2015年12月号 [Vol.26 No.9] 通巻第301号 201512_301006
酒井広平講師による「検定試験問題を解いてみよう」シリーズ 24 省エネ法 —3R・低炭素社会検定より—
3R・低炭素社会検定は、持続可能な社会の実現のため、3Rや低炭素社会に関する知識を活かして、実践行動を行う人を育てることを目的としています。【3R・低炭素社会検定 低炭素社会分野試験問題解説集「はしがき」より】
検定試験問題から出題します。
問70エネルギーの使用の合理化に関する法律(省エネ法)の制定に関する記述として、最も適切なものはどれか?
上級レベル
正答率 42%
- ①石油危機を契機として、1979年に制定された
- ②地球温暖化問題を契機として、1995年に制定された
- ③再生可能エネルギーの普及拡大を契機として、2005年に制定された
- ④東日本大震災後の深刻な電力不足問題を契機として、2011年に制定された
- ヒント
- 省エネ法は地球温暖化問題が社会で取り上げられるよりも前に制定されました。
- 答えと解説
-
答え: ①
エネルギーの使用の合理化に関する法律(省エネルギー法、省エネ法)は、石油危機を契機に、内外のエネルギーをめぐる経済的社会的環境に応じた燃料資源の有効な利用の確保と工場・事業場、輸送、建築物、機械器具についてのエネルギーの使用の合理化を総合的に進めるために必要な措置を講ずることなどを目的として、1979年に制定されました。
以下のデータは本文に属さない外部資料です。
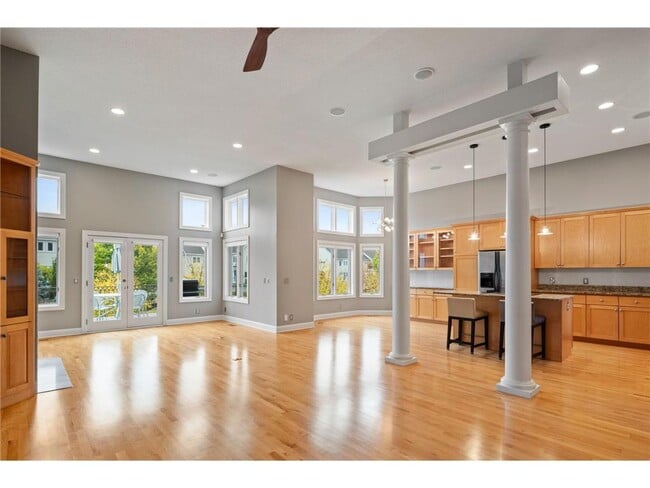 property at 517 River St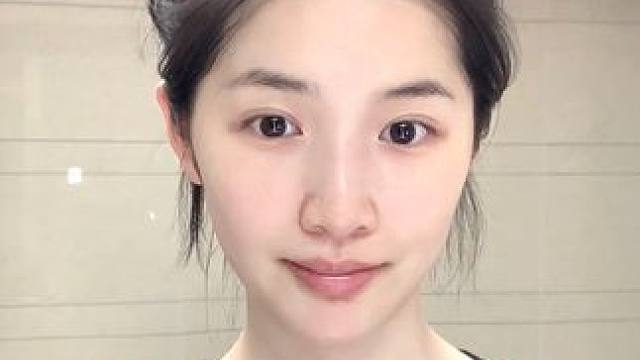 暑期养白第一课！ #变白 #变美 #护肤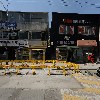 마이스터기공소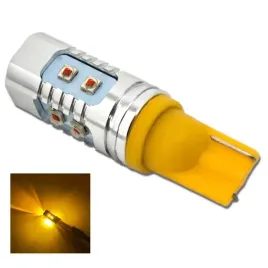 zarowka-led-w16w-t15-12-24v-canbus-pomaranczowa-do-czerwonych-kloszy-aut-z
低炭素社会の形成推進に関する法律として、地球温暖化対策の推進に関する法律(略称:地球温暖化対策推進法、1998年制定)とともに、エネルギーの使用の合理化に関する法律(略称:省エネルギー法、1979年制定)、電気事業者による再生可能エネルギー電気の調達に関する特別措置法(略称:再生エネルギー特措法、2011年制定)等のエネルギー関連法についても、時代背景や制定までの経緯、法律の目的を理解し、時系列で整理しておきましょう。
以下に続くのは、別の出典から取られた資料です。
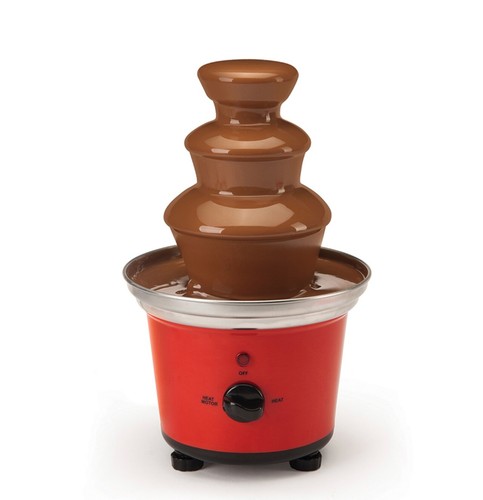 Global gourmet belgian - global,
- *正答率は第7回3R・低炭素社会検定受験者のものです
問71省エネ法(エネルギーの使用の合理化に関する法律)における「トップランナー方式」の説明として、最も不適切なものはどれか?
中級レベル
正答率 78%
- ①トップランナー方式は、自社の製品について企業が設けた基準をクリアした効率を設定する方式である
- ②トップランナー方式は、1999年に施行された「改正省エネ法」で導入された方式である
- ③トップランナー方式は、特定機器の省エネルギー基準を、基準設定時に市場に出ている機器の中で最高の効率レベルに設定する方式である
- ④省エネ法におけるトップランナー方式が対象とする製品は、テレビ、冷蔵庫などの家電製品の他にガス調理機器、乗用車なども対象としている
- ヒント
- 1999年の改正で導入され、家電のほかに乗用車なども対象としており、市場に出ている製品の中のトップランナーを基準としています。
- 答えと解説
-
答え: ①
トップランナー方式は、省エネ法で指定された家電製品(テレビ、冷蔵庫など)、自動車、ガス調理器などの製品のエネルギー消費効率に関して、その時点で市場に出ている機器の中で最も省エネ性能がすぐれたもの(トップランナー)を基準として目標を設定する方法です。目標達成状況は資源エネルギー庁により調査が行われ確認されています。その結果、1998年の省エネ法の改正(1999年施行)により制度が導入された後、多くの機器で大幅な効率改善が確認されています。例えば、電気冷蔵庫は1998年から2004年度までにエネルギー消費効率が55.2%改善されました。これは、年間消費電力量が半分以下になったということを示しています。
なお、「自社の製品について企業が設けた基準をクリアした効率を設定する方式」ではありません。
- *正答率は第6回3R・低炭素社会検定受験者のものです
問72省エネ法において、トップランナー方式による機器の効率改善が規定されていないものは次のうちどれか?
- ①テレビ
- ②エアコン
- ③電気冷蔵庫
- ④携帯電話
- ヒント
- 家庭電化製品では年間消費電力量が大きい機器が対象となりやすくなっています。
- 答えと解説
-
答え: ④
テレビ、エアコン、電気冷蔵庫といた電化製品は家庭における年間消費電力量も大きく、トップランナー方式による機器の効率改善が規定されています。なお、携帯電話(の充電)は消費電力も小さいため、トップランナー方式では定められていません。トップランナー方式では定められ手いる機器は、日本全体でのエネルギー消費量や機器効率の改善可能性、機器効率の設定可否などを考慮して決定されています。